Breaking the Autoregressive Chain: Hyper-Parallel Decoding for Efficient LLM-Based Attribute Value Extraction

arXiv cs.AI / 4/30/2026

💬 OpinionDeveloper Stack & InfrastructureIdeas & Deep AnalysisModels & Research

Key Points

  • Attribute Value Extraction (AVE) can require generating multiple independent output sequences from the same input, but standard autoregressive decoding is slow because it forces sequential token generation.
  • The paper introduces Hyper-Parallel Decoding (HPD), a decoding algorithm that accelerates offline LLM decoding by parallelizing across batches and using shared memory and computation.
  • HPD improves efficiency by enabling out-of-order token generation via position ID manipulation, which allows independent value generation within each prompt.
  • Experiments on AVE indicate conditional independence of attribute-value pairs, and stacking multiple documents in a single prompt enables parallel decoding of up to 96 tokens per prompt.
  • Results show up to a 13.8× reduction in inference costs and total inference time without degrading output quality, and the method could generalize to other tasks with independent output structures.

Abstract

Some text generation tasks, such as Attribute Value Extraction (AVE), require decoding multiple independent sequences from the same document context. While standard autoregressive decoding is slow due to its sequential nature, the independence between output sequences offers an opportunity for parallelism. We present Hyper-Parallel Decoding, a novel decoding algorithm that accelerates offline decoding by leveraging both shared memory and computation across batches. HPD enables out-of-order token generation through position ID manipulation, significantly improving efficiency. Experiments on AVE show that attribute-value pairs are conditionally independent, enabling us to parallelize value generation within each prompt.

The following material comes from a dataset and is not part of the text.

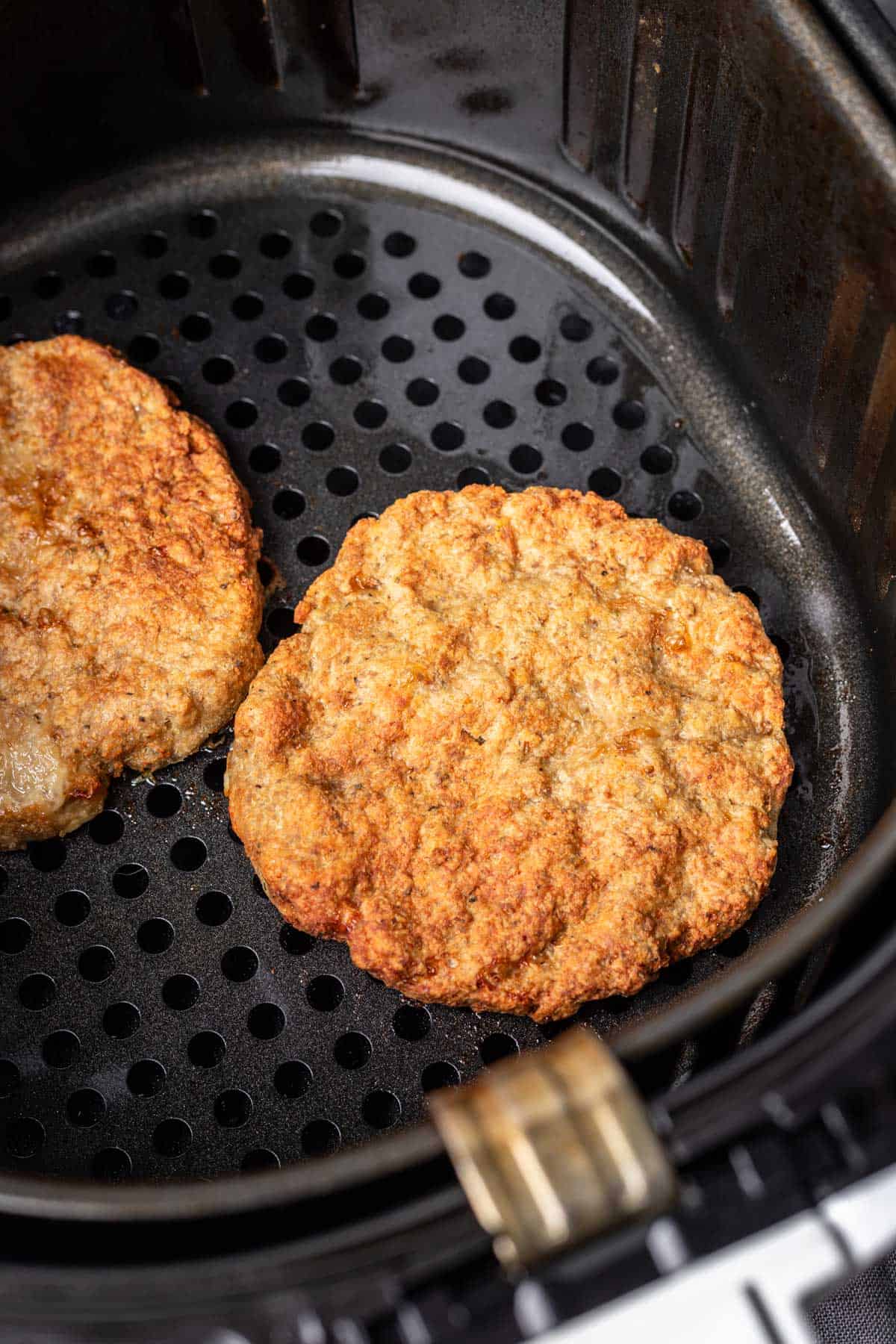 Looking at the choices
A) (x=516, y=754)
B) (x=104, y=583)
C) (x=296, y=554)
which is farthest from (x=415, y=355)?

By further stacking multiple documents within a single prompt, we can decode in parallel up to 96 tokens per prompt. HPD works with all LLMs, and reduces both inference costs and total inference time by up to 13.8X without compromising output quality, potentially saving hundreds of thousands of dollars on industry AVE tasks. Although designed for attribute extraction, HPD makes no assumptions unique to the AVE domain and can in theory be applied to other scenarios with independent output structures.